The World Health Organisation (WHO) says Nigeria is still far from meeting the 2001 15 per cent Abuja Declaration on improving the health sector.
Dr Walter Mulombo, WHO Country Representative to Nigeria, said this in Abuja in a meeting with newsmen.
In April 2001, heads of state of African Union countries met and pledged to set a target of allocating at least 15 per cent of their annual budget to improve the health sector
“In Nigeria where a proposed target was set that 15 per cent of total government budget should go to health, until today we are still far from achieving the target,’’ he said.
Mulombo advocated more funding of the health sector to meet the said target, saying the sector was not adequately funded, compared to areas such as defence, and army, among others.
According to him, health is a human right and not a luxury or consumable, the more politically wise decisions the country makes now will benefit the nation.
“We need to start talking about human rights violations because it is not acceptable for any child to miss a vaccine,’’ he said.
He said that some areas where the organisation accessed showed that 80 per cent of the money went into tertiary hospitals.
According to him, the primary healthcare is where 80 per cent of the population in the communities get their first exposure to healthcare services .
“The spending itself is distorted. That is the biggest challenge that has generated everything that we have seen.
“Lack of adequate budget to prepare responses to pandemic for instance, we have to struggle in many places,’’ he said.
According to him, the main challenge is the way health is featured as a political choice and unfortunately many governments did not live by standard.
“Many countries continue to consider health as luxury or something that is costing the government money whereas it should have been takeb like an enabling factor for economic and socio-economic development,’’ Mulombo said.
He said it was worrisome the way countries were dealing with social determinants of health, factors like socioeconomic status, education, neighborhood and physical environment, employment, and social support networks and access to health care.
According to him, addressing social determinants of health is important for improving health and reducing longstanding disparities in health and healthcare.
Mulombo advocated more facilities with dialysis machines and more expensive equipment to combat the noncommunicable diseases as such was part of the organisation’s challenges.
He said that the organisation also had the challenges of demographic transition because the facilities that were used during the colonial period were still the same in Africa, although It may be possible that Nigeria had same situation.

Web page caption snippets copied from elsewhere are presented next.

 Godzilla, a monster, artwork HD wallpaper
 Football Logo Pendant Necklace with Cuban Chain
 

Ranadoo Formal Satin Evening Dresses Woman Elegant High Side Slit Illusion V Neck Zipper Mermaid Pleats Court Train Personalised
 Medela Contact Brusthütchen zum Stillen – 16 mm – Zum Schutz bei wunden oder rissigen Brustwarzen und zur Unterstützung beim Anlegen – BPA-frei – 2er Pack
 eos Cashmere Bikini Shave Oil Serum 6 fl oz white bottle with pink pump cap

“The country is not expending in the space of demographic transition and the way the population is increasing, Nigeria is projected to have more than 400 million population by 2040, 2050,’’ he said.
Mulombo said that there was also the problem of how the county prepares for response of any big outbreaks of pandemics.

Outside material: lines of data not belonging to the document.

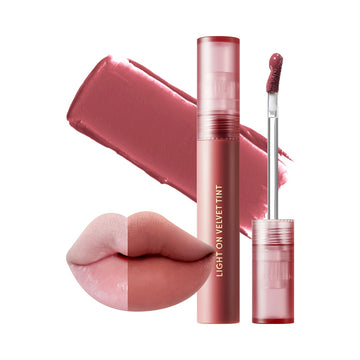 Nature Republic Light On Velvet Tint (05 Mood Fig), Liquid Lipstick, Lip Tint, Blur Effect, Lip& Cheek, Nude Lip,Soft Creamy Matte Finish Lip, Velvety, Lip Stain, High Pigment, Korean Lip Makeup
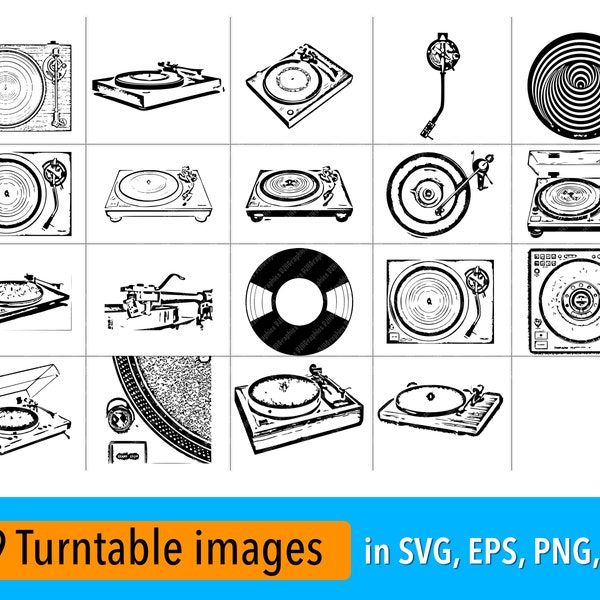 19 Turntable SVG Vector Graphics Bundle includes svg, png, eps, jpg files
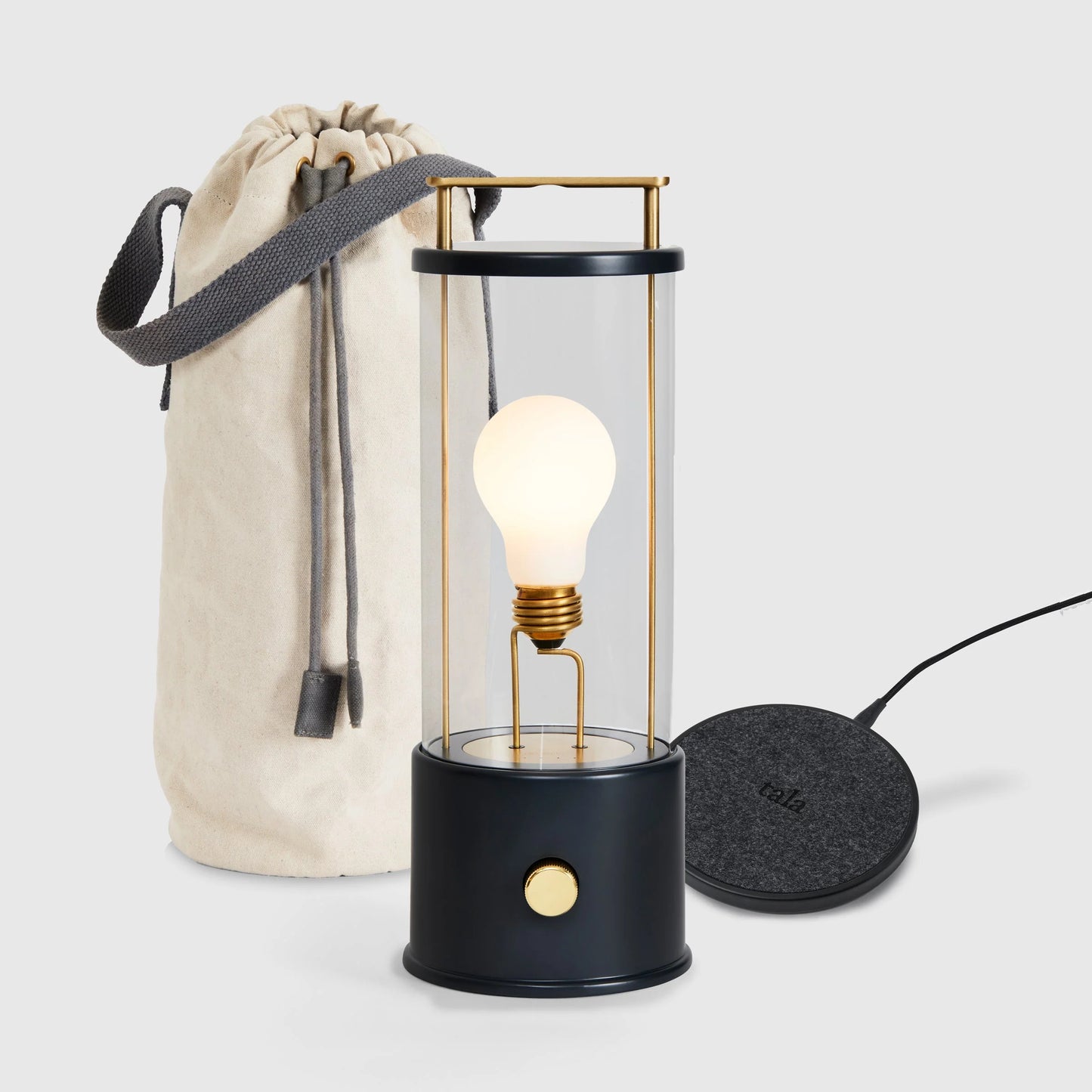 The Muse 1.0 Portable Lamp in Hackles Black Bundle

He said COVID-19 pandemic was not expected and as such caused havoc in many counties.
“The health body is still expecting flu pandemic and have been preparing for it.
“When COVID-19 pandemic hit the world, no country was ready not even the US or UK and yet we have International Health Regulations and Global Health Security Agenda.
“The way we prepare was a challenge and the other one was that the demographic transition and the prominence of disease civilisation, Non communicable diseases, our health facilities are not prepared to face these challenges,’’ Mulombo said.
The International Health Regulations (IHR) 2005 are a legally binding agreement of 196 countries to build the capability to detect and report potential public health emergencies worldwide.
It requires that all countries have the ability to detect, assess, report, and respond to public health events.
The Global Health Security Agenda (GHSA) is a global effort to strengthen the world’s ability to prevent, detect, and respond to infectious disease threats.
According to him, there is the need for the community to play their roles in identifying their needs and in providing the service to address the challenges.
April 7 every year was dedicated by the United Nations as World Health Day and 2023 also marked the 75th anniversary of the organisation.
The day’s theme was: “Health for All – Strengthening Primary Health Care to Build Resilient Systems”.